Fluorescence microscopy
Root tips from transgenic plants were excised and GFP fluorescence was observed with an OLYMPUS confocal microscope equipped with a 480/530 nm excitation filter.
Cryo-scanning electron microscopy
Cryo-scanning electron microscopy was used to observe the trichomes on the leaf. A section of leaf (approximately 3- × 3-mm) along the length of the lamina and midway between the margin and the mid-vein was fixed in a custom sample holder and submerged in liquid nitrogen for 2 min. A cryo-transfer shuttle Quorum pp3010t was used to transfer the sample to a precooled chamber under vacuum for coating. The samples were then observed at an accelerating voltage of 7.0 kV with a scanning electron microscopy (ZEISS Sigma 300, Zeiss, Oberkochen, Germany) with a cryogenic stage maintained at – 140 ℃.

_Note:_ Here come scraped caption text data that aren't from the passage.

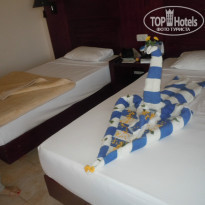 фото из отзыва ID 873560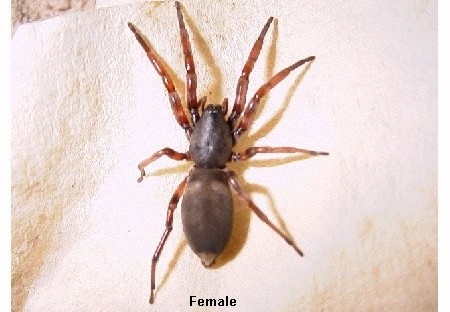 White-tailed spider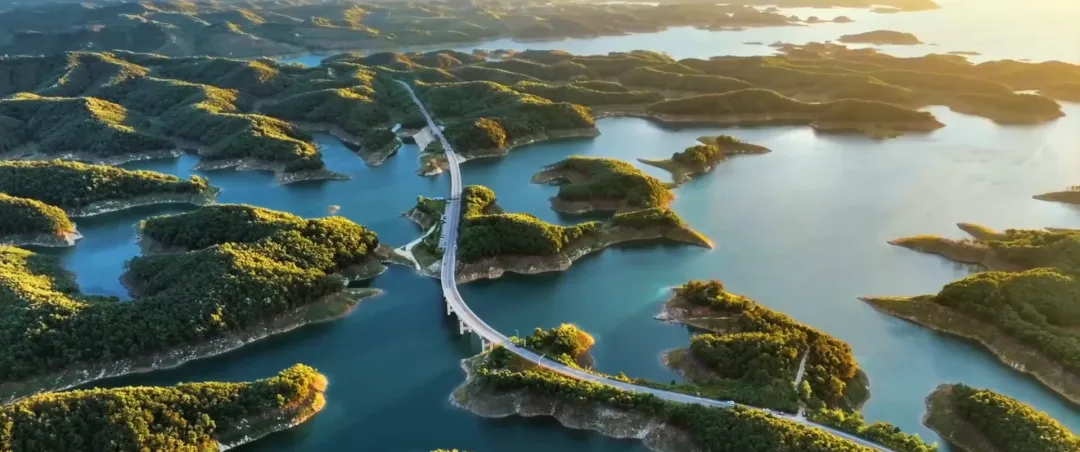 
广东省中医院黄牛代挂号电话票贩子号贩子网上预约挂号,住院检查加快,给长江的情书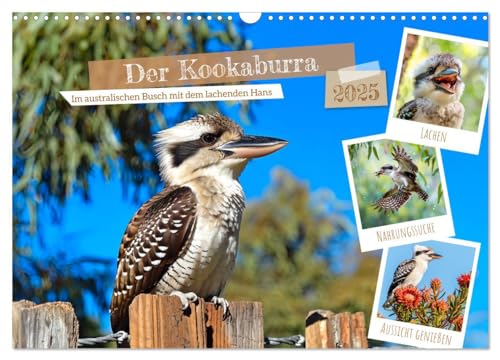 Der Kookaburra - Im australischen Busch mit dem lachenden Hans (Wandkalender 2025 DIN A3 quer), CALVENDO Monatskalender von CALVENDO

Molecular analysis of CRISPR/Cas9 target sites
Genomic DNA was extracted from seedlings according to CTAB method. The primers BrrTCP4bF and BrrTCP4bR were used to amplify BrrTCP4b. The PCR products were sequenced and aligned with the MEGA11 [20].
Statistical analysis
Statistical analyses of the experimental data were performed using single-factor analysis of variance or Student’s t-test implemented in SPSS (Version 17.0).
Accession numbers
Sequence data for most genes studied in this article can be found in the National Center for Biotechnology Information under the following accession numbers: BrrTCP4b (KY608005); BrrWUSa (MN481054); BrrGIS (ON887158) and BrrLOX2 (ON887159).